Are you asking the wrong questions?

“Do we have the necessary experience and expertise?” is an important question to raise early on in any project. Or, to put it more bluntly, “Do we know what we’re doing?” The very discipline of project management itself is an area of personal knowledge and expertise—one that not everyone has.

Another question that is just as important but gets asked relatively rarely is, “What do we not know?” …about the customer, the technology, the target market, the ultimate user, or any of a myriad of other relevant issues…along with, “And how can we find out?”

We all have a tendency to focus on what we already know and understand and assume to be true of a situation. This tendency can cause us to overlook the vast number of things we surely don’t know until that unrecognized gap creates a problem for us.
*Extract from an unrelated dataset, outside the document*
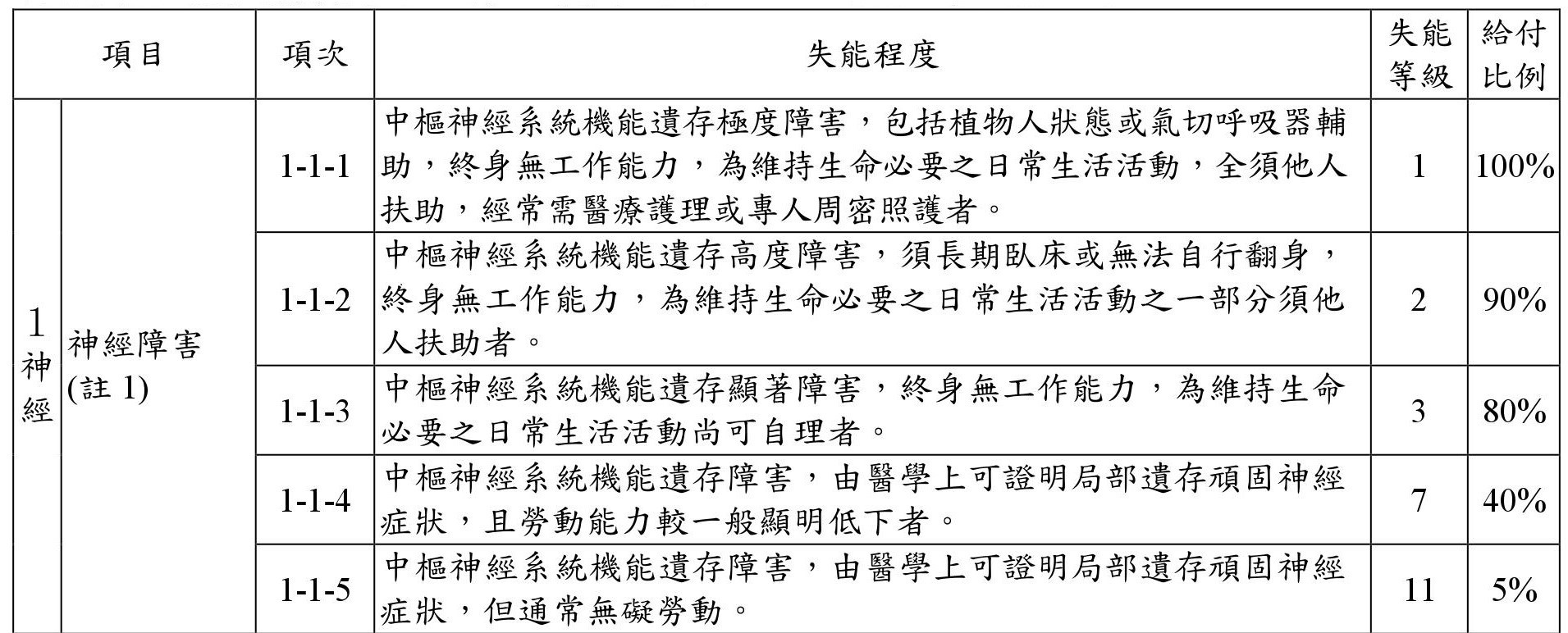 失能程度與保險金給付表（新版）｜買保險 SmartBeb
The knowledge that team members bring to a project is valuable and important. It provides a range of possibilities and options and tools that can be used to solve problems and meet objectives. But too often we use our knowledge to determine what can’t be done, shutting down promising possibilities and new approaches prematurely.

That tendency to assume that we already have the answers, not only hampers innovation, it leaves us vulnerable to setbacks that might have been avoided if we had been more curious and imaginative.

Research by noted psychologist Dr. Robert Epstein demonstrates that someone with experience performing a simple problem solving task typically requires time to adjust when the nature of the problem changes. In an exercise Epstein developed that I have adapted to use in some of my workshops, those with prior experience take longer on average to solve the second problem than someone who is only given the second problem to begin with. In other words, prior expertise can actually slow the discovery of new solutions. Knowledge as we commonly employ it has a tendency to reduce rather then enhance our mental agility. (Few of us find it easy to admit that we’ve been wrong.)

Overcoming that tendency requires that we systematically maintain a dialogue that challenges each other early and often to:

  • Examine our assumptions
  • Clearly explain our reasoning
  • Clarify objectives
  • Imagine new possibilities
  • Experiment

and yes,

  • Raise lots of questions

Finding ways to overcome our assumptions and varying from standard practice puts us on a path to high value breakthroughs. Yet that’s where we often encounter the greatest resistance. We need to remind ourselves that the one thing we can never know for certain is what’s impossible.